- **WHAT YOU HAVE TO DO**:
Please output exactly the lines from the one that holds "Picture 2 of 3" through the final line of the data, and nothing else; leave out any pictures.

SUPPLIED MATERIAL: Begin

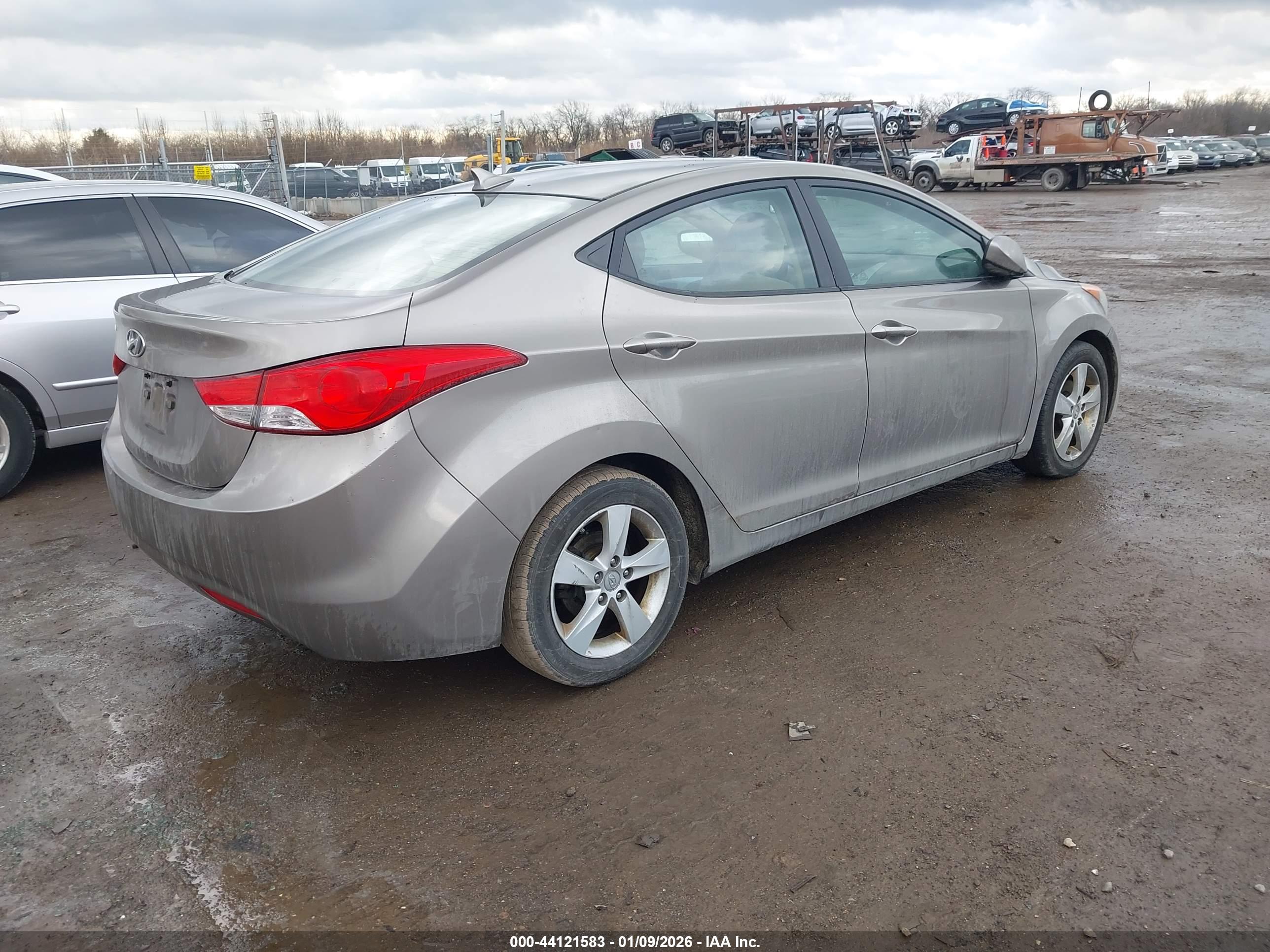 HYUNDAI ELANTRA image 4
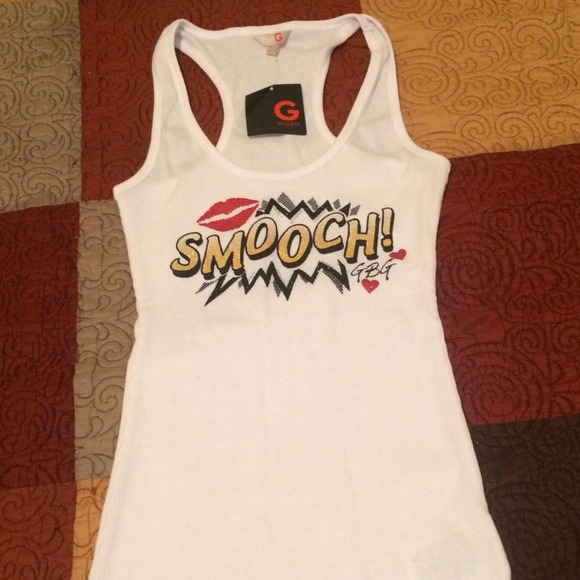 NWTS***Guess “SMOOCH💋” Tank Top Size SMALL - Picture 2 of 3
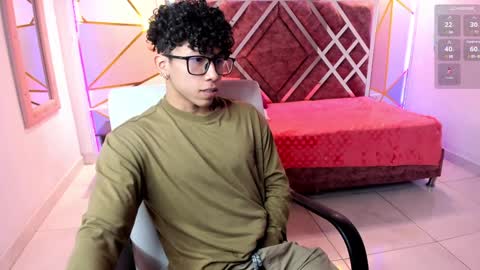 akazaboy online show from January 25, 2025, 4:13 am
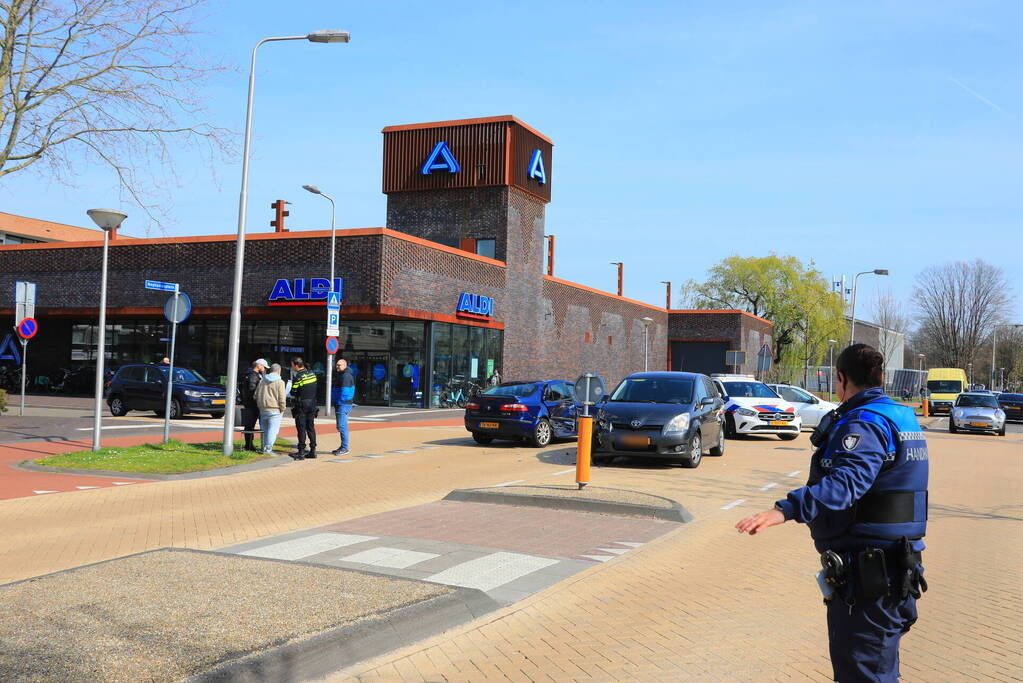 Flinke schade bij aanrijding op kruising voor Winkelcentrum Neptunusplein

SUPPLIED MATERIAL: End

- **TASK RESULT**:
 NWTS***Guess “SMOOCH💋” Tank Top Size SMALL - Picture 2 of 3
 akazaboy online show from January 25, 2025, 4:13 am
 Flinke schade bij aanrijding op kruising voor Winkelcentrum Neptunusplein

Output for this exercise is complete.